This is the first installment of a real-time series about what it’s like to be raising a first-time venture fund as an African American fund manager. It’s meant to be a transparent description of the challenges and opportunities as we attempt to grow a fund to support cities like Baltimore and minority and female founders.
I travel the country a lot for work. Often being invited to places like Atlanta, Trenton, NJ and Denver, Colorado to talk about the ideas on inclusion and purpose we’re trying to bring to life here in Baltimore. It’s pretty clear that wherever I go, many really good people are focused on these ideas, and, that extends not only to female and minority founders but also to the make up of the venture capital industry itself.
If you haven’t heard of it there’s a movement afoot called Founders for Change. It’s a group of founders, VCs and other interested parties who are attempting to use their voice to drive more diversity in the tech industry with a specific focus on diversity of venture capital firms.
All this activity is following in the wake of another really exciting and important idea that seems to be taking hold today: That business can and should be a force for good in society and not simply a conduit for enriching shareholders. It is becoming more clear everyday that we are entering an age where business is expected to operate as an instrument of society and not just as an instrument of profit. And, that those businesses who find a way to lead with purpose are more prone to be financially successful.
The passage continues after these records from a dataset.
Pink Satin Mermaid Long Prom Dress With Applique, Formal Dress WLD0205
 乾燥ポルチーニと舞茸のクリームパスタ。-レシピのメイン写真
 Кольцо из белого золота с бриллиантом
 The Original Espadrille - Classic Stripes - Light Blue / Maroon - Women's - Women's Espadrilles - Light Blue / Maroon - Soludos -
To put it another way, (and quote my friend Aaron Hurst) we are entering the age of the Purpose Economy where purpose, values and societal impact are going to be the main drivers of financial performance.
THE GOOD NEWS:
For the last 13 years I’ve been deeply engaged and dedicated to moving these issues forward and here’s the good news: It’s pretty clear that there is a convergence of ideas whose time has come:
- We can no longer neglect our inner cities and be blind to the innovations required to make them more just joyous and equitable for all.
- We must find a way to enable and encourage minority and female entrepreneurs to thrive if we want to close the gap of economic inclusion.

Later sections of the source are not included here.